Monitoring with Postflight checks Innovation Release
Check the results of the Postflight check to monitor your HM deployment is ready.
Role focus: Infrastructure Engineer / Platform Administrator
Prerequisites
- Phase 5: Installing Hybrid Manager — You have completed and verified the installation of HM. The deployment is running and you want to either check its state or troubleshoot failed checks.
Outcomes
- Confirmation that the deployed Hybrid Manager (HM) platform is healthy and ready for day-2 configuration.
The Postflight custom resource provides automated health monitoring for your deployed HM stack. It periodically runs a set of built-in checks and reports an overall health status.
Note
Unlike preflight checks, postflight provides monitoring capabilities. It does not block any operations or trigger automated remediation. It provides visibility for troubleshooting.
What postflight checks do
The operator uses a Postflight resource to run 5 built-in health checks at a configurable interval. Checks only begin after the HybridControlPlane reaches the deployed phase. Each check verifies a different aspect of the running platform:
| Check | What it verifies |
|---|---|
| Pods | All HM pods are running and ready. |
| Databases | All internal EDB Postgres for Kubernetes clusters are ready and their latest backups completed. |
| Velero backups | The latest Velero backup completed successfully. |
| Nodes | All Kubernetes cluster nodes are ready. |
| Certificates | All cert-manager certificates are valid and ready. |
If all checks pass, the overall phase is Healthy. If any check fails, the phase is Unhealthy.

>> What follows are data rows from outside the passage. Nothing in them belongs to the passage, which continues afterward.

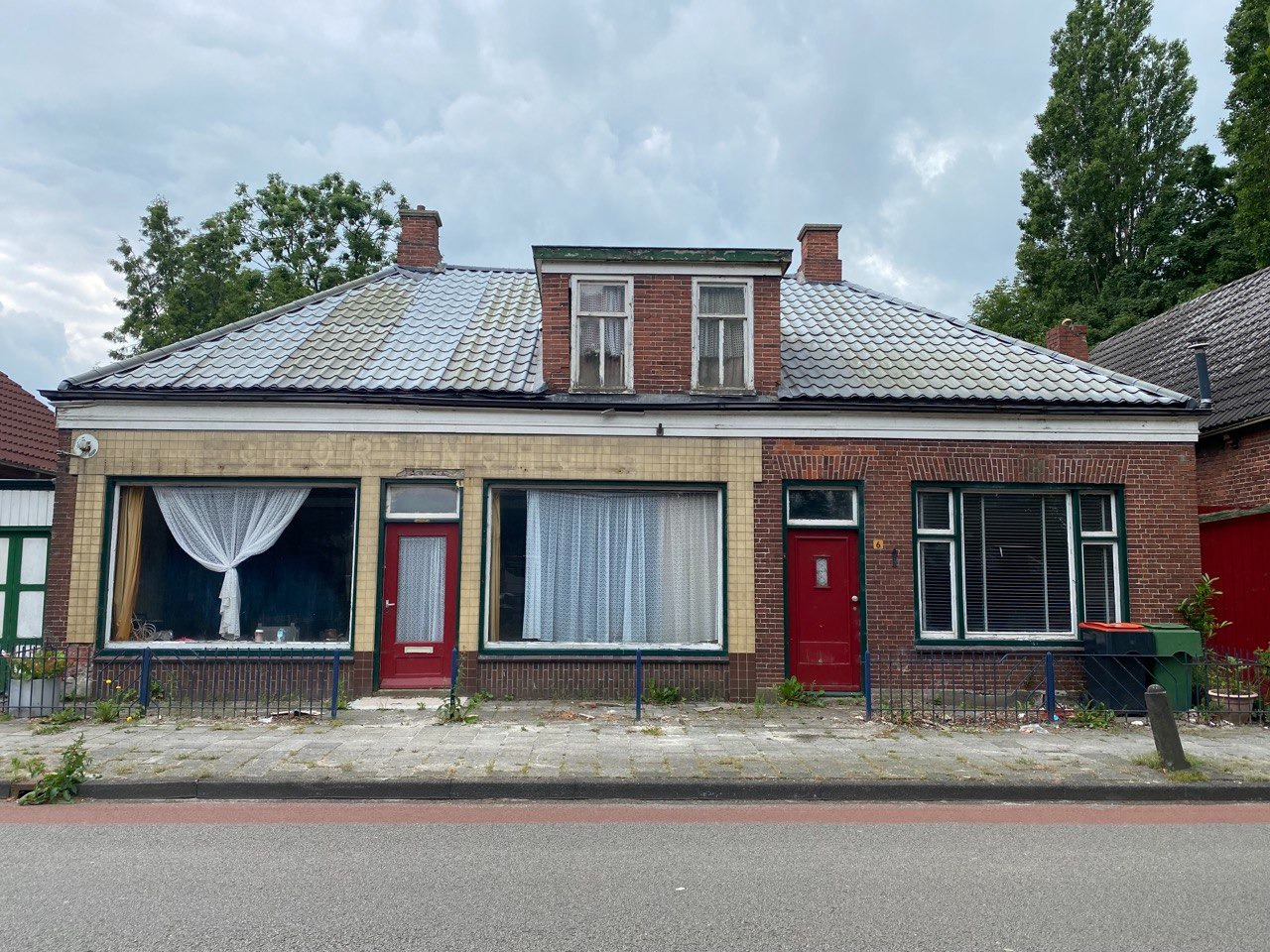 Bad Nieuweschans, Oudezijl 6 6A image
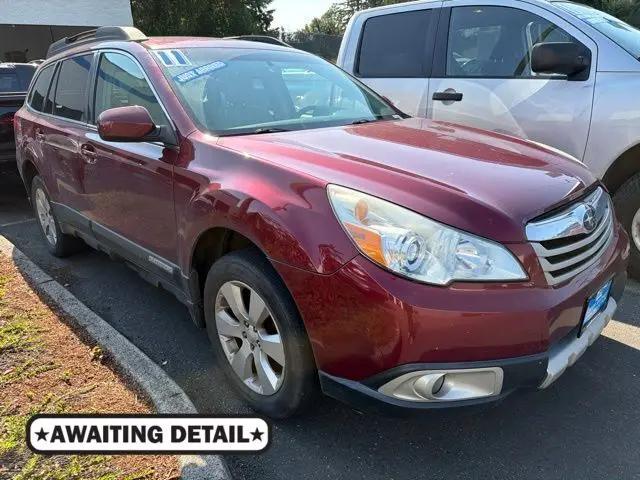 2011 Subaru Outback 2.5i Limited for sale in Bremerton, WA
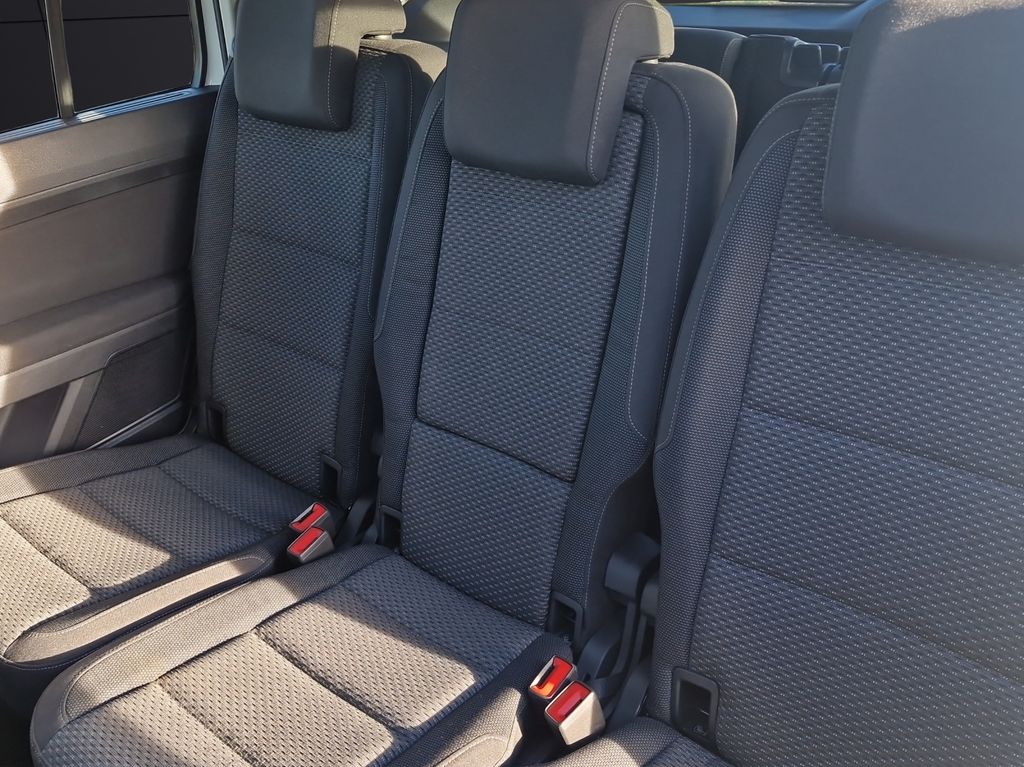 Volkswagen Touran 2025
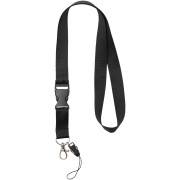 Lanyard Sagan s odpojiteľnou prackou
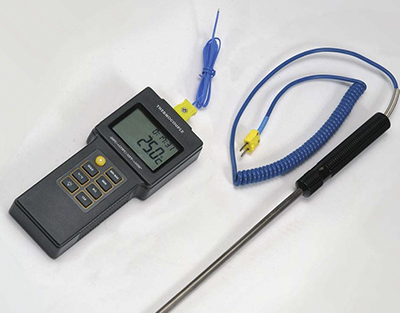 THERMOMÈTRE NUMÉRIQUE TC-9226-A *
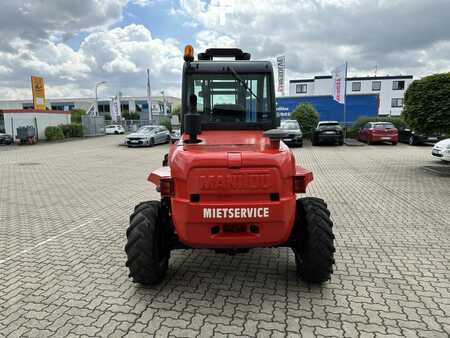 Terrenggående gaffeltruck 2006  Manitou M30-4 (4)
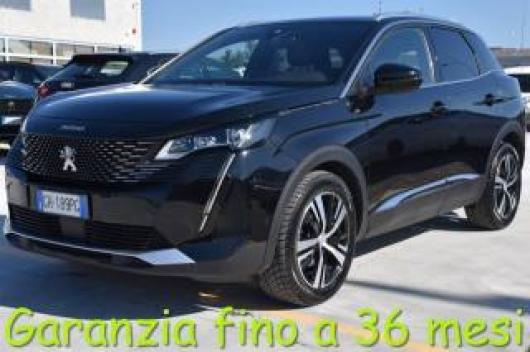 usato PEUGEOT 3008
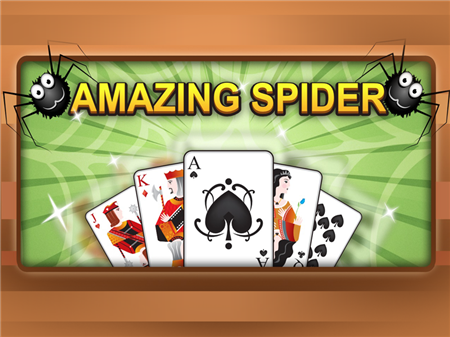 Amazing Spider Solitaire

Checking the postflight status
Quick overview
Check whether your installation is healthy:
kubectl get postflight
The output should look like this:
NAME PHASE LAST CHECK edbpgai-postflight Healthy 2025-01-15T10:30:00Z
Detailed results
If the phase is Unhealthy, obtain more detailed results:
kubectl get postflight <name> -o yaml
The status.checkResults section shows individual results:
status: phase: Unhealthy lastTransitionTime: "2025-01-15T10:30:00Z" checkResults: - name: PodsChecker description: "Check whether all pods belonging to the Hybrid Manager are ready." state: Passed - name: DBsChecker description: "Check whether all internal databases belonging to the Hybrid Manager are ready." state: Passed - name: VeleroChecker description: "Check whether the latest Velero Backup has been completed." state: Failed messages: - "the latest velero backup is in a unhealthy phase: PartiallyFailed" - name: NodesChecker description: "Check whether all nodes are ready." state: Passed - name: CertificatesChecker description: "Check whether all certificates belonging to the Hybrid Manager are valid." state: Passed
Troubleshooting unhealthy checks
When the postflight phase is Unhealthy, inspect the status.checkResults section to identify which checks are failing and their associated messages.
Pods check is failing
One or more HM pods are not in a ready state. Investigate the failing pods:
kubectl get pods -A | grep -v Running kubectl describe pod <pod-name> -n <namespace> kubectl logs <pod-name> -n <namespace>
Common causes include image pull failures, resource limits, and crashlooping containers.
Databases check is failing
An EDB Postgres for Kubernetes database cluster is not ready, or its latest backup failed. Check the cluster and backup status:
kubectl get clusters.postgresql.k8s.enterprisedb.io -A kubectl get backups.postgresql.k8s.enterprisedb.io -A --sort-by=.metadata.creationTimestamp
Common causes include storage issues, connection failures, and WAL archiving problems.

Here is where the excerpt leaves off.